前回の続きになります。
江戸時代における貨幣💸制度についてでした😊
みなさんは、「金遣い・銀遣い」という用語を知っていますか❓
これは近世(江戸時代)において取引の基準を金貨・銀貨のいずれにするのか、ということを意味した用語です。
江戸時代では、江戸を中心とする東日本では主に金で取引され、これを「金遣い」といい、そして大坂などの西日本では銀が中心であったため、これを「銀遣い」といいました。
伊勢(いせ:三重県)・美濃(みの:岐阜県)・加賀(かが:石川県)辺りより東が「金遣い」圏に属しているとされています。
ではなぜ西日本は「銀遣い」なのでしょうか❓
西日本では、石見(いわみ)銀山(島根県)・生野(いくの)銀山(兵庫県)などの銀山開発が進み、関西諸都市で品位の定まった上質の銀が流通していたためです。
17世紀初期における世界全体の銀生産の3分の1から4分の1が日本で生産されていたのですが、2007(平成19)年に世界遺産に登録された石見銀山は、日本の銀生産の中心銀山として有名でした。
戦国大名であった大内氏・尼子(あまご)氏・毛利氏の間で石見銀山争奪戦が繰り広げられたのち、1600(慶長5)年の関ヶ原の戦い以後は江戸幕府の直轄地となりました。
銀より価値の高い金は、戦国時代より諸大名がその獲得に奔走(ほんそう)し、徳川家康もまず武家経済を「金遣い」とし、ついで金貨によって近世貨幣制度を統一しようとしていたのですが、関西の根強い「銀遣い」慣行に阻まれ、「金遣い」が関東中心となりました。
こうして日本は、金経済圏と銀経済圏の2つに分かれてしまったのです。
この2つに分かれた経済圏を、金経済に一本化しようとする動きが出てきます。
この金を中心とする貨幣経済への一本化を試みた人物が、田沼意次です。
銀貨の計数貨幣化を目指して、1765(明和2)年に発行された銀貨が「明和五匁銀(めいわごもんめぎん)」でした。
しかしこの銀貨は秤量貨幣として扱われていたため、市場ではほとんど流通することなく消えていってしまいました😓
「明和五匁銀」の失敗ののち、江戸幕府が本気で「金貨本位」制度を意図して発行した計数銀貨こそが、「南鐐二朱銀」です。
南鐐とは、上質の銀を意味しています。
「南鐐二朱銀」を大量に発行すべく、田沼政権は長崎貿易の振興にも積極的に乗り出しています。

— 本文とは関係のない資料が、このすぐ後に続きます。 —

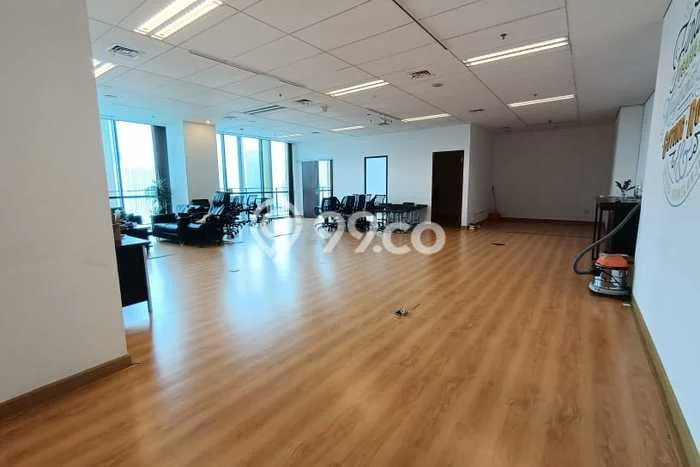 Unit Kantor Disewakan di Kuningan di Area Ramai & Strategis Unit Kantor Disewakan di Kuningan di Area Ramai & Strategis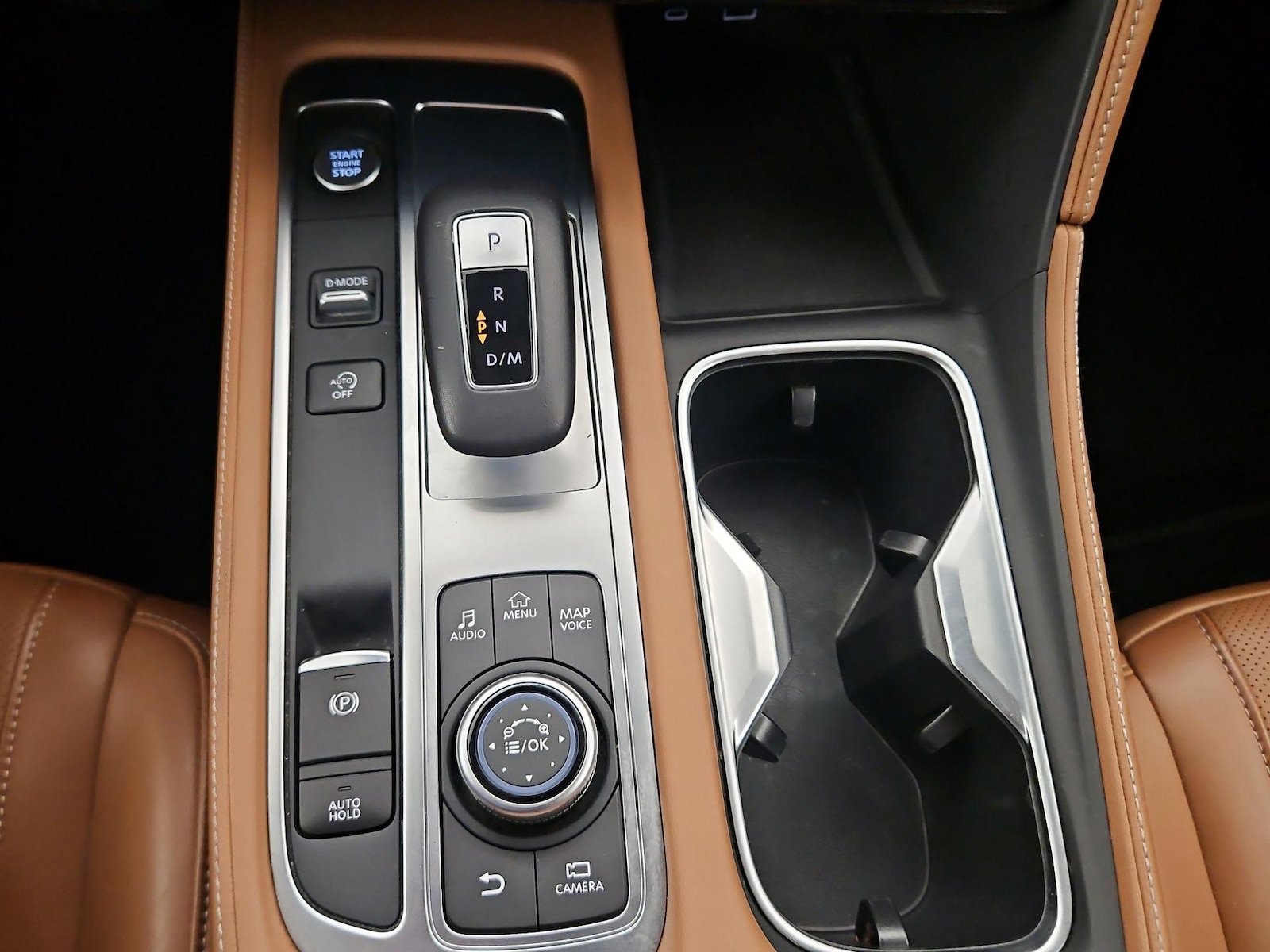 2023 INFINITI QX60 SENSORY - Photo 19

なぜ「南鐐二朱銀」の発行が、長崎貿易の振興につながるのでしょうか❓
当然ですが、当時の貨幣は金・銀といった鉱山🏔からの鉱物を使用していました。
しかし江戸幕府第5代将軍徳川綱吉の時代になると、佐渡金山などの鉱山の産出量が減少していきます。
日本から海外への輸出品の代表は銀だったのですが、鉱山からの産出量が減少の一途を辿っていたため、江戸幕府は俵物(たわらもの:いりこ・ほしあわび・ふかひれ)と呼ばれた海産物の生産に力を入れます。
そして江戸幕府はこの俵物を輸出することで、貨幣鋳造の材料である金銀の輸入を図ったのです。

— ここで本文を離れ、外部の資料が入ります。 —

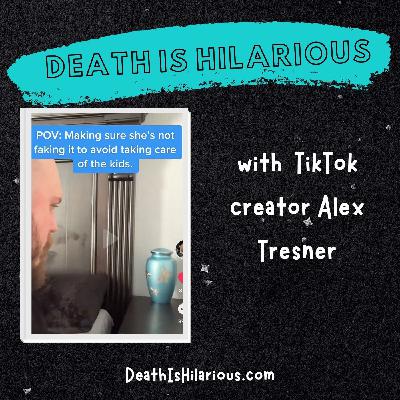 Interview With TikTok Creator Alex Tresner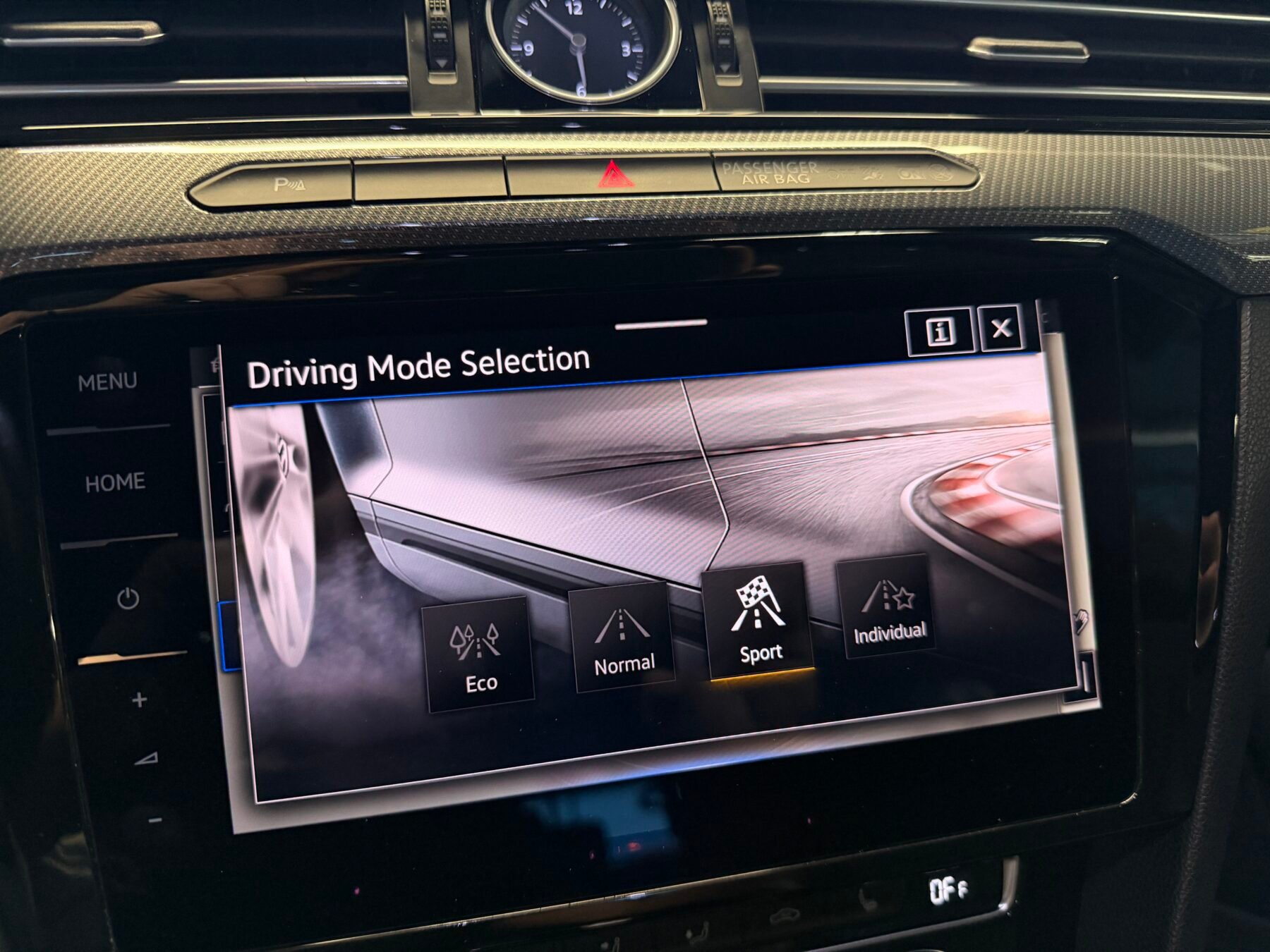 VOLKSWAGEN  Arteon RLine 2.0 TDI 110kW 150CV DSG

こうして江戸幕府は秤量する必要がなく、使用するのに便利な計数銀貨を鋳造することで、貨幣の計数化を実現しました。
江戸を中心とした東日本と、大坂を中心とした西日本の違いは、江戸時代の貨幣制度に限らず様々な分野で見ることができます。
西は大王(おおきみ)、のちの天皇が居住した畿内(現在の京都府・大阪府・奈良県)を中心に発展し、経済・流通・文化などのあらゆる面で東を圧倒してきました。
しかし、徳川家康が豊臣秀吉の命令によって江戸を拠点に関東を統治することになり、江戸を大都市化していきました。
江戸時代、天皇は京都に居住しておりましたので、経済の中心地としての大坂と合わせて西は独自の文化を持っていましたが、100万もの人口を誇った江戸は日本の政治都市として発展し、南鐐二朱銀などの計数貨幣を鋳造することを通して、西の経済をも東に組み込む政策を展開したのでした。
現在、東日本に住む人々は東京が日本の中心地であるとの認識を強く持っているのではないかと思われますが、西日本に住む人々は大阪・京都の重要性を強く認識しているのだろうと考えられます。